__THE DATA__:
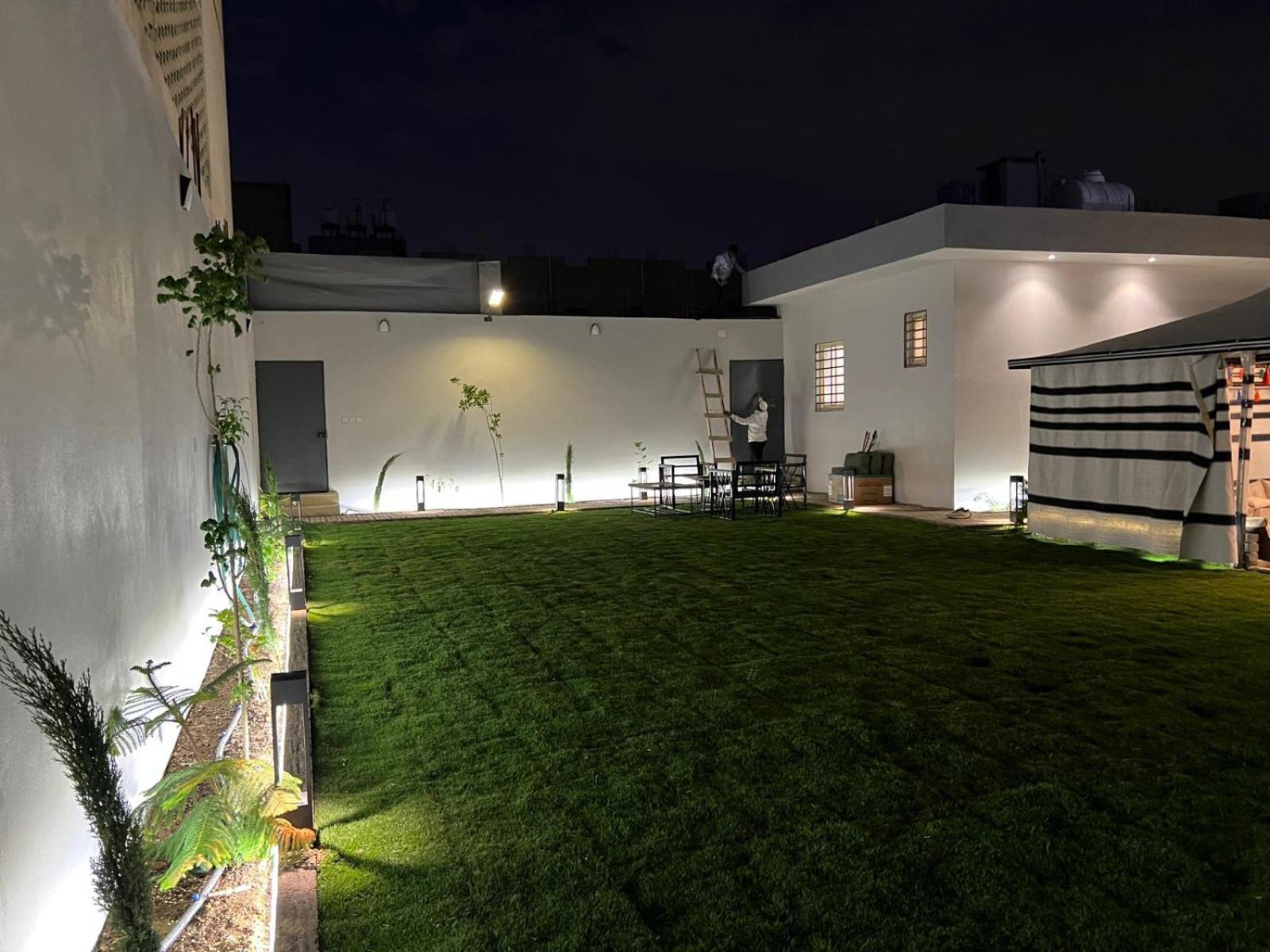 Garden Land Aparthotel คามิสมูชาอิท ภายนอก รูปภาพ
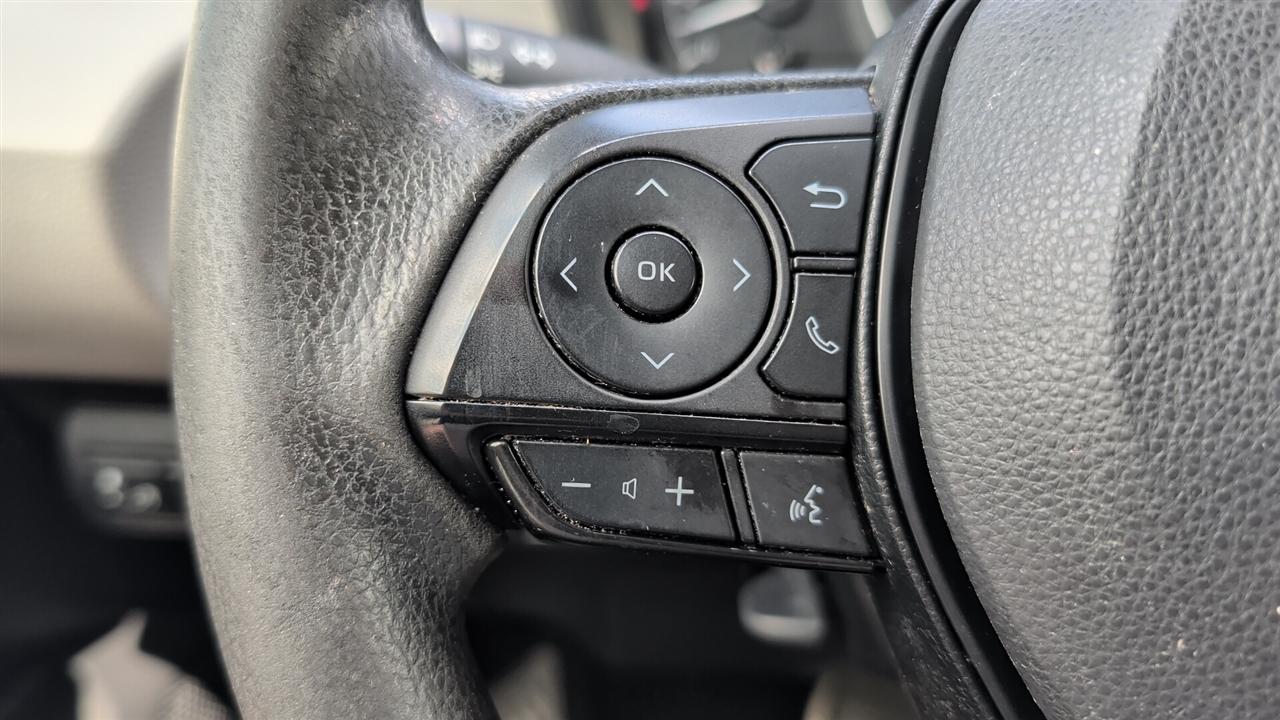 Toyota Corolla LE 2022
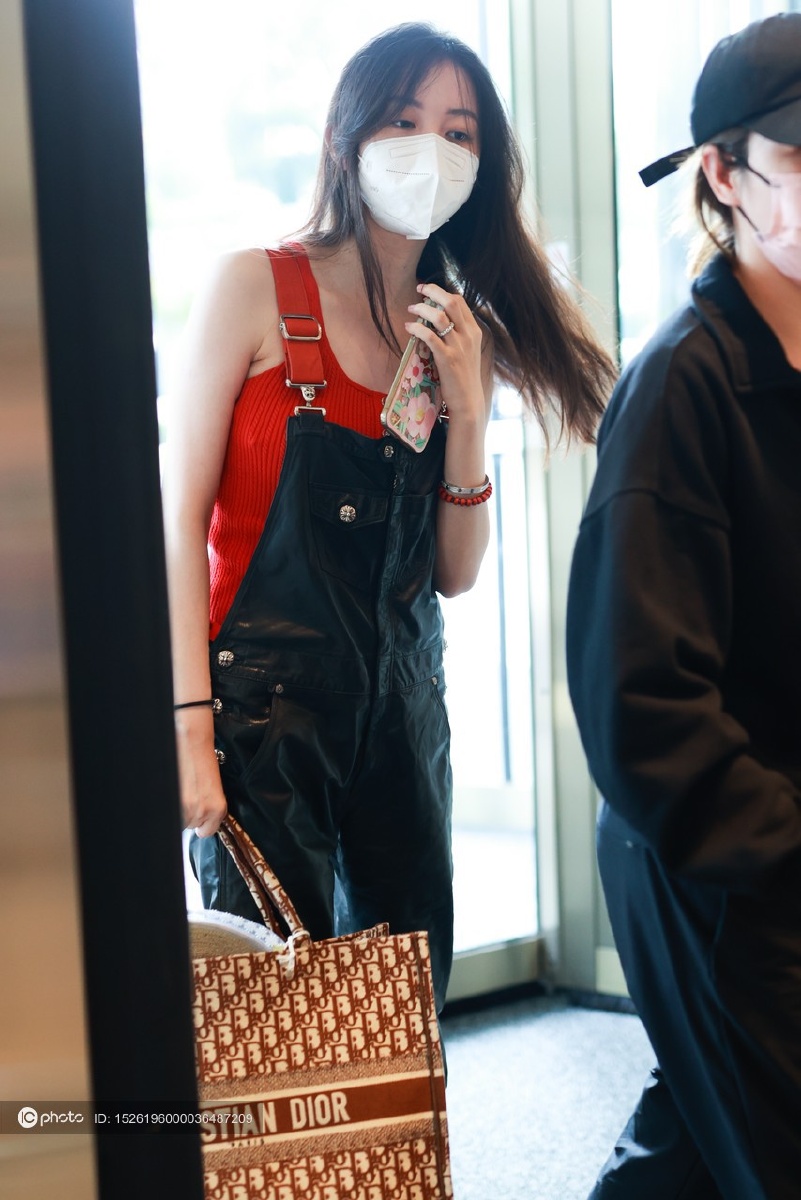 潘玮柏妻子宣云luna现身长沙酒店 探班潘玮柏录制《披荆斩棘的哥哥第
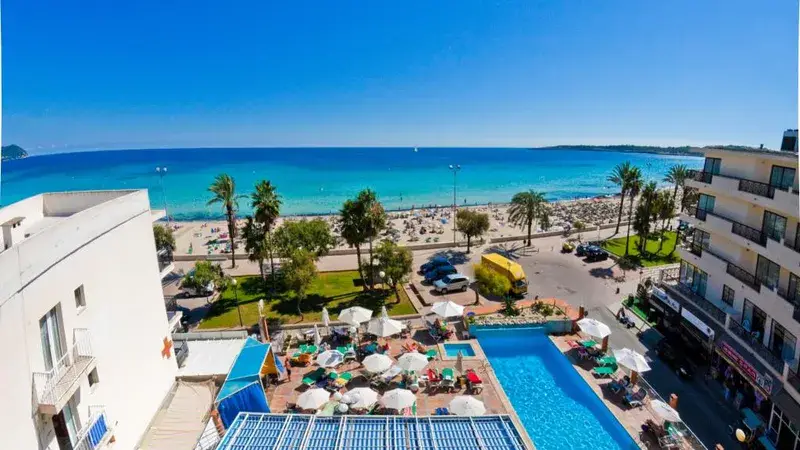 Majorka w kwietniu: 7 dni w Cala Millor za 2829 PLN/os 🇪🇸🏝️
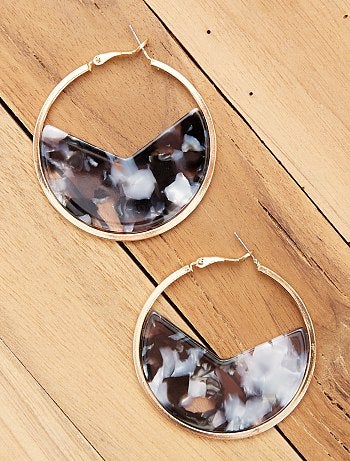 Brincos tipo crioula em resina - Kiabi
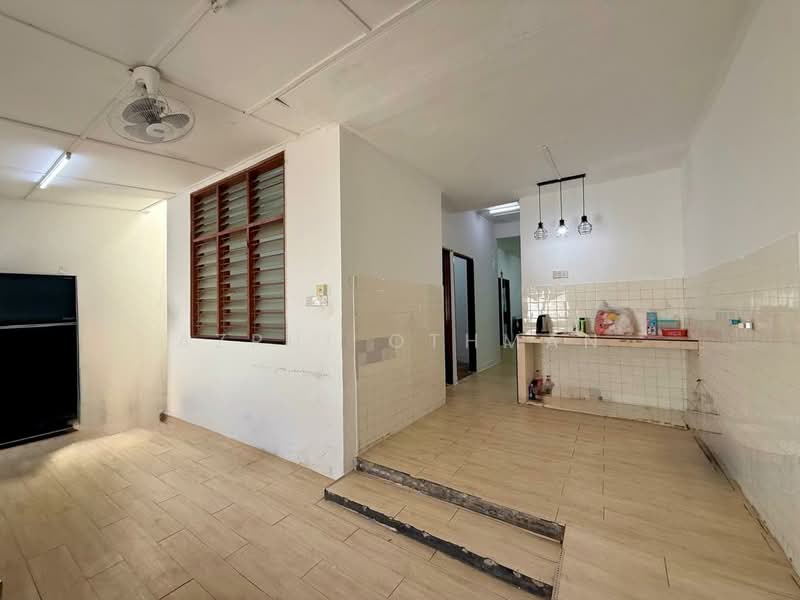 1-storey Terraced House for Sale in Senawang (Negeri Sembilan) - Azrul Othman - Kitchen - PropertyGuru.com.my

__WORK TO COMPLETE__: The answer is the entries above, given again exactly, with no pictures among them.

__EXERCISE SOLUTION__:
 Garden Land Aparthotel คามิสมูชาอิท ภายนอก รูปภาพ
 Toyota Corolla LE 2022
 潘玮柏妻子宣云luna现身长沙酒店 探班潘玮柏录制《披荆斩棘的哥哥第
 Majorka w kwietniu: 7 dni w Cala Millor za 2829 PLN/os 🇪🇸🏝️
 Brincos tipo crioula em resina - Kiabi
 1-storey Terraced House for Sale in Senawang (Negeri Sembilan) - Azrul Othman - Kitchen - PropertyGuru.com.my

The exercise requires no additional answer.